House of fail (we got scraped)

Any other tech-related topics
Message
Author
User avatar
Andrew Lee
Posts: 3052
Joined: Sat Feb 04, 2006 9:19 am
Contact:

Re: House of fail (we got scraped)

#16 Post by Andrew Lee »

My apologies, the site in question is "auqk dot org", not the earlier ones listed in this topic.

webfork brought it to my attention in a PM.

phpBB passwords are stored as hashes in the database, not plaintext. However, given today's computation power, I suspect that's as good as gone if someone wants to crack it.

User avatar
SYSTEM
Posts: 2041
Joined: Sat Jul 31, 2010 1:19 am
Location: Helsinki, Finland

Re: House of fail (we got scraped)

#17 Post by SYSTEM »

Andrew Lee wrote:My apologies, the site in question is "auqk dot org", not the earlier ones listed in this topic.

webfork brought it to my attention in a PM.

phpBB passwords are stored as hashes in the database, not plaintext. However, given today's computation power, I suspect that's as good as gone if someone wants to crack it.
Whoa. The site looks exactly the same as TPFC. :shock: It indeed looks like they have the source code. :o

In fact, I had to check that it's a distinct website (and not just a DNS redirect):

Code: Select all

>nslookup www.portablefreeware.com
Server:  resolver2.dnaip.fi
Address:  62.241.198.246

Non-authoritative answer:
Name:    www.portablefreeware.com
Address:  162.250.145.13


>nslookup auqk.org
Server:  resolver2.dnaip.fi
Address:  62.241.198.246

Non-authoritative answer:
Name:    auqk.org
Address:  146.0.78.80
I repeated the UniExtract test there, and it indeed returned Universal Extractor and Universal Extractor 2.

Before we panic, there is one more thing to check: could it be that the site is just a proxy that forwards all requests, including searches, to TPFC? You could check by searching for a random string of characters and then looking if such a string was searched via our website search.
My YouTube channel | Release date of my 13th playlist: August 24, 2020

Emka
Posts: 290
Joined: Fri Sep 17, 2010 9:31 pm

Re: House of fail (we got scraped)

#18 Post by Emka »

Weird: I went to said clone (or whatever you should call it) of TPFC in my TPFC browser tab and when I pushed the browser's back button I wasn't taken back to TPFC but to http://instatime.dist-app.com/?c=rhinst ... 2279010446, which offered me to download the InstaTime app.

User avatar
JohnTHaller
Posts: 715
Joined: Wed Feb 10, 2010 4:44 pm
Location: New York, NY
Contact:

Re: House of fail (we got scraped)

#19 Post by JohnTHaller »

For what it's worth, it looks like a scrape of every page on here rather than a download of the database. Every RSS entry is scraped and added as a new WordPress page. The search works because it's searching those WordPress pages are indexed within WordPress. You can tell it's WordPress by the theme being used, the indicator at the bottom which is a default footer for said theme, some of the plugins linked within the HTML, etc.

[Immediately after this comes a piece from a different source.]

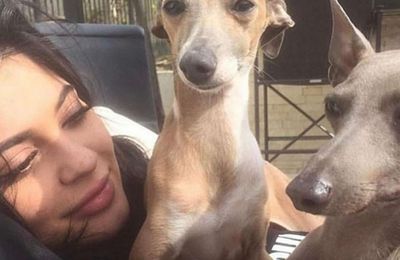 Kylie Jenner mourns death of her Italian Greyhound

UPDATE: Sorry, this was in reference to houseofportable dot com, not the later one referenced. If that one was an exact clone, that's another story.
Last edited by JohnTHaller on Sun Feb 14, 2016 7:44 am, edited 1 time in total.
PortableApps.com - The open standard for portable software | Support Net Neutrality

User avatar
Midas
Posts: 6710
Joined: Mon Dec 07, 2009 7:09 am
Location: Sol3

Re: House of fail (we got scraped)

#20 Post by Midas »

Couldn't this be just some kind of experiment with the database dump mentioned elsewhere? :shock:

User avatar
SYSTEM
Posts: 2041
Joined: Sat Jul 31, 2010 1:19 am
Location: Helsinki, Finland

Re: House of fail (we got scraped)

#21 Post by SYSTEM »

Midas wrote:Couldn't this be just some kind of experiment with the database dump mentioned elsewhere? :shock:
No way. They have exactly the same theme and functionality. Duplicating all that would be way too much effort for an "experiment". They either have the TPFC source code or have a proxy of some kind (as I suggested in my previous comment).
My YouTube channel | Release date of my 13th playlist: August 24, 2020

User avatar
Midas
Posts: 6710
Joined: Mon Dec 07, 2009 7:09 am
Location: Sol3

Re: House of fail (we got scraped)

#22 Post by Midas »

Please, bear with me. Couldn't someone get pretty much the same result by scrapping the site layout files and then fleshing it somehow with a database engine backend and the database dump? :?

I'm trying to apply Ockam's razor here...

User avatar
SYSTEM
Posts: 2041
Joined: Sat Jul 31, 2010 1:19 am
Location: Helsinki, Finland

Re: House of fail (we got scraped)

#23 Post by SYSTEM »

Midas wrote:Please, bear with me. Couldn't someone get pretty much the same result by scrapping the site layout files and then fleshing it somehow with a database engine backend and the database dump? :?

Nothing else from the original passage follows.